GIVEN ENTRIES:
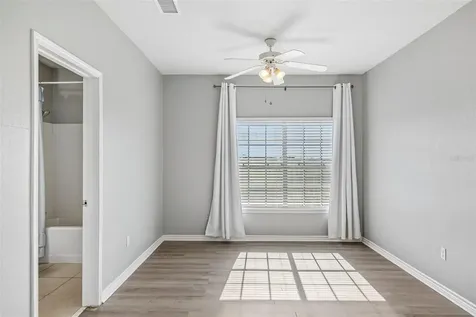 4333 Bayside Village Drive Tampa FL 33615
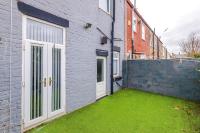 #17 Walk to Anfield Stylish House for 12 - B&B Liverpool
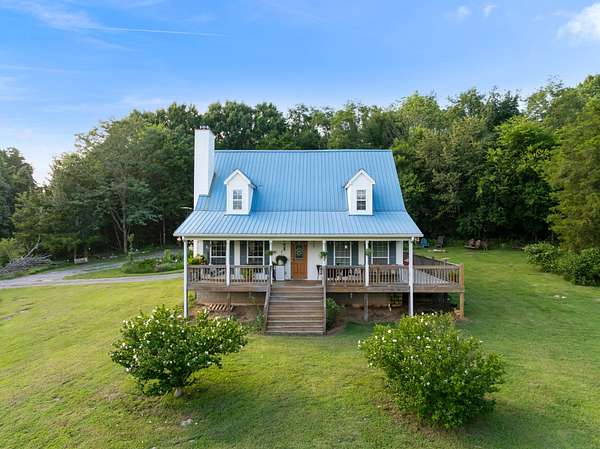 10.2 Acres of Recreational Land with Home for Sale in Watertown, Tennessee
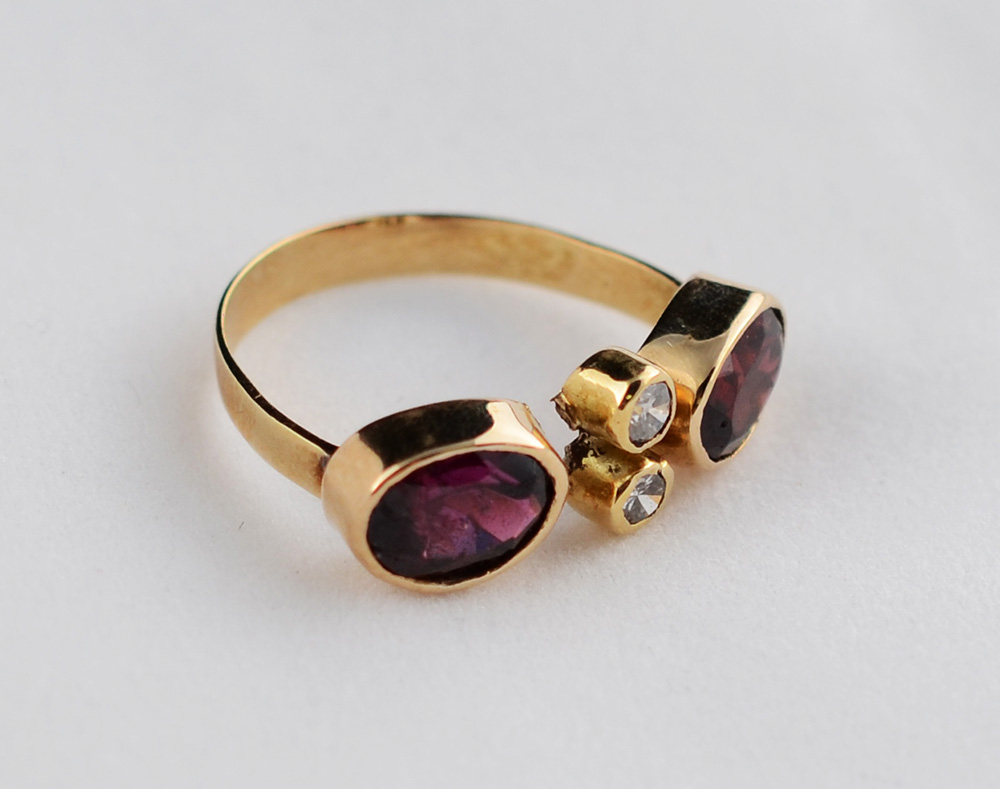 Anel de ouro 18 k com 2 rubilitas e 2 brilhantes, peso 2,8 g. - foto 1 de 2
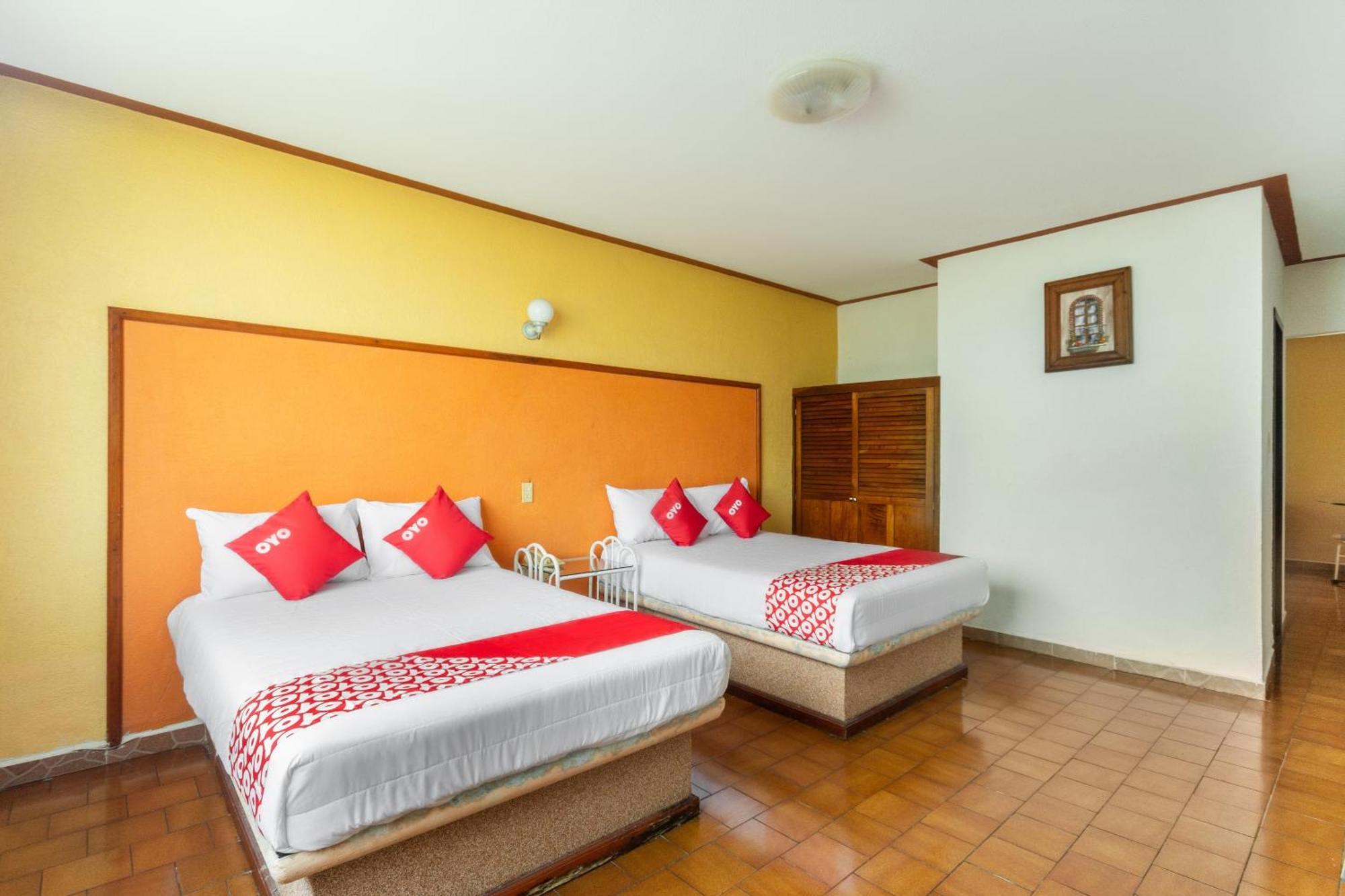 Oyo Hotel Casa Blanca มาร์ติเนซ เดอ ลา ทอเร ภายนอก รูปภาพ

WHAT TO DO: All of the data above needs to be given again exactly. Leave out each image.

SOLUTION TO THIS PROBLEM:
 4333 Bayside Village Drive Tampa FL 33615
 #17 Walk to Anfield Stylish House for 12 - B&B Liverpool
 10.2 Acres of Recreational Land with Home for Sale in Watertown, Tennessee
 Anel de ouro 18 k com 2 rubilitas e 2 brilhantes, peso 2,8 g. - foto 1 de 2
 Oyo Hotel Casa Blanca มาร์ติเนซ เดอ ลา ทอเร ภายนอก รูปภาพ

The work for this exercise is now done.